I have come accross no reference in my research this far, to gyms or fitness centres, yet the Portugese population is very much sports orientated. Does anyone know where I can find access or references to the sports/leisure/health and fitness industry in Portugal (specifically in Lisboa and Algarve, Faro or Alentejo)?

I am also seeking info about the pros and cons of living there and where to find the best info/reference for any paperwork and visums I need to complete before moving there? Any references and guidedance will be much appreciated.

Thank You xxxx


----------



## nelinha (Jan 15, 2009)

Hi Janita, sorry can't help you much on visa regulations, your best bet is to go to the PT consulate in C.T. Check also on the internet for consulado geral de portugal they give quite a bit of info. I have a PT passport and HD has a german one so we didn't have any problems getting here.
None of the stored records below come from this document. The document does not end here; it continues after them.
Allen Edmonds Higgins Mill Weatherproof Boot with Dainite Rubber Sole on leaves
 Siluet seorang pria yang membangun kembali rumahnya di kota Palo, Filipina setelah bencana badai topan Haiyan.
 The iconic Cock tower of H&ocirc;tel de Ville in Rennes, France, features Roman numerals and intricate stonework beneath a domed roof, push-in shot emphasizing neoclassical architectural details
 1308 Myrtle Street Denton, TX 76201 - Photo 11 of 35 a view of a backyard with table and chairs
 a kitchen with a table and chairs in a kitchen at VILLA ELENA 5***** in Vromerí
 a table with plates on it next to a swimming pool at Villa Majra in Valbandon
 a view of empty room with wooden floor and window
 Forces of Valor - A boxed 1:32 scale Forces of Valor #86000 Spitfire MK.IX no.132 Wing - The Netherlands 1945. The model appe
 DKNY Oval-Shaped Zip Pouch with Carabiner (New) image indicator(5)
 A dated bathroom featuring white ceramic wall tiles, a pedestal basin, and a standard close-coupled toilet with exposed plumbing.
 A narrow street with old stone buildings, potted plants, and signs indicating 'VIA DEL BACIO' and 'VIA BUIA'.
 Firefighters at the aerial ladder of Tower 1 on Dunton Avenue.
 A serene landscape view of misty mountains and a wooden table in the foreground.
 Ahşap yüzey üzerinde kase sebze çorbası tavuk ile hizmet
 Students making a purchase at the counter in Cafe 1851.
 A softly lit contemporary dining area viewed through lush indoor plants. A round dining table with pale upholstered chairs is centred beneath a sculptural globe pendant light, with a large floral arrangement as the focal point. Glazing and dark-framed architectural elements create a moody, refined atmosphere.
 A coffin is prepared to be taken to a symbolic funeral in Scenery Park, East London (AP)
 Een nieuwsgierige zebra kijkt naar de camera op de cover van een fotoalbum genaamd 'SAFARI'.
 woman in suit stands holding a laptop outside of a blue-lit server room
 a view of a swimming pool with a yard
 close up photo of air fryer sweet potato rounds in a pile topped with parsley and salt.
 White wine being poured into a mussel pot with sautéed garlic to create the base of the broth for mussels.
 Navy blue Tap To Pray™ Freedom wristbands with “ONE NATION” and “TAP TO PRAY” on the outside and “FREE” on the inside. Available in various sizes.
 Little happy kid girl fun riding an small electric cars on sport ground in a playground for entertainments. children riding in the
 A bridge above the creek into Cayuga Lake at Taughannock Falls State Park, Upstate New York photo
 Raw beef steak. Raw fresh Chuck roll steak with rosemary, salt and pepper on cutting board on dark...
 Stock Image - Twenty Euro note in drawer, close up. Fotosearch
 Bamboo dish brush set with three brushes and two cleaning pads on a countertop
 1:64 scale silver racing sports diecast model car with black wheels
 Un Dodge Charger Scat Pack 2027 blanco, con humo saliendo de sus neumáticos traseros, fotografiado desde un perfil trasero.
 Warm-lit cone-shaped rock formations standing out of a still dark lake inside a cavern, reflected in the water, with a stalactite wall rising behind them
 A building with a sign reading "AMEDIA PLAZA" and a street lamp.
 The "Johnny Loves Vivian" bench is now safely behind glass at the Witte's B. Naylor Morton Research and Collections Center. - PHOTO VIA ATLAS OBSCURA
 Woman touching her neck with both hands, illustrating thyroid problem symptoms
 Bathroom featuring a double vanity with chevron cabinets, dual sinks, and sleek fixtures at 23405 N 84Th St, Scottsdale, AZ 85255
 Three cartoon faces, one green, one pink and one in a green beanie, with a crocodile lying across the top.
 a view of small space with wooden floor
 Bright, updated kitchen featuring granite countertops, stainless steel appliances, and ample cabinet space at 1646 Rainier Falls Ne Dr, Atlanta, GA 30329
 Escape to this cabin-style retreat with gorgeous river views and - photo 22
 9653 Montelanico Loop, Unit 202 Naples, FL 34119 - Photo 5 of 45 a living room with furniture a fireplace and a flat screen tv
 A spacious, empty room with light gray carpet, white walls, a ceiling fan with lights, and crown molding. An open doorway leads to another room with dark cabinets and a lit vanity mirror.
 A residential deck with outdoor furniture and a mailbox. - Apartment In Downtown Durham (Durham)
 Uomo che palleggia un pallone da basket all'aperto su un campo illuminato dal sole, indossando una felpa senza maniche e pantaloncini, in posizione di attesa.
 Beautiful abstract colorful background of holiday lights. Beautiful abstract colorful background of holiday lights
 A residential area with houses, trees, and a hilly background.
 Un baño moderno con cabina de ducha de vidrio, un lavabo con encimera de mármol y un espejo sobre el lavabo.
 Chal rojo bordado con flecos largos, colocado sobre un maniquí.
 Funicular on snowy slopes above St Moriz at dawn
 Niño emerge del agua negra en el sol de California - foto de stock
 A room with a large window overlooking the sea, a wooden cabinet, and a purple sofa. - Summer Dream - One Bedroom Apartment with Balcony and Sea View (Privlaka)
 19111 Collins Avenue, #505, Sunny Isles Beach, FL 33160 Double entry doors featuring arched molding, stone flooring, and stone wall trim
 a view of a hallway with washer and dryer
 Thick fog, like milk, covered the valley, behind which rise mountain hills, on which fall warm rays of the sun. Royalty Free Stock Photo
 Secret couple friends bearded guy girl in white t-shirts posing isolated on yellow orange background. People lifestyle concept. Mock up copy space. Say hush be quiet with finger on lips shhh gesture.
I must tell you though that bureaucracy is rampant in this country. If you come and intend to settle here here is some info:
Driver's licence- Portugal has an agreement with SA you can drive here on your SA licence for up to one year then you have to exchange. To do this, you will need a certificate from the SA consulate here stating that your SA driver's licence is a valid and true one. BUT the consulate will not give you that certificate unless you have another certificate from the department of transport in Pretoria stating that your licence is real!!!!!. It took me about 4 months to get that first certificate so you better start now. If you are interested I will send you a pm with the contact details, email etc in Pretoria. The consulate here was very nice, they gave me the second certificate within 24 hours.
Pilates- I have a friend here (german) who is a qualified physiotherapist/ fitness and Pilates instructor. She works on a ad hoc basis, she had to do a lot of advertising to begin with and she also works for a fancy hotel outside Cascais in their wellness centre. What about russian kettle bells? You could start a studio here using those, check on the internet to see if there is anything here to do with kettle bells. The owner of the kettle bells business in RSA actually lives just outside CT in Sommerset West, you can do a course with her and come with some specific qualifications. 
Graphic design- Not too much info, at the moment PT is going through a bad crisis with 10% unemployment you would have to do a lot of foot work here.
Yes, Lisbon and Algarve have the biggest concentration of expats, check on the internet for The Algarve news which I think is edited by a Safa, that will also give you a feel for expact news also what adverts appear there.
It's a big step that you want to take, you must remember that you will not have a source of income for quite a few months, may I suggest that you visit the country for a few weeks before making your decision. If you come and decide to return to SA it will have been a costly project. I myself have not fully adjusted to this place (and I speak the lingo) and many a tear has dropped thinking about what I left behind. Also check Omostra's entries, somewhere he gives a site with lots of info on settling in PT.
Good luck, say hello to Blouberg for me.
Nelinha


----------



## Janita (Feb 19, 2010)

Hello Nelinha, THANK YOU for taking time to reply to my inquiry. Yes please send me a pm with the contact details AND/OR emailaddress in Pretoria so I can get the certificate sorted with Department of Transport in Pretoria. Also I will appreciate if you have contact details or references for the lady in Somerset West who has the business for the kettle bells. Also...if your German physiotheraphist/Pilates instructor friend would not mind to correspond with me ...I would like to chat with her too. Does she speak English? 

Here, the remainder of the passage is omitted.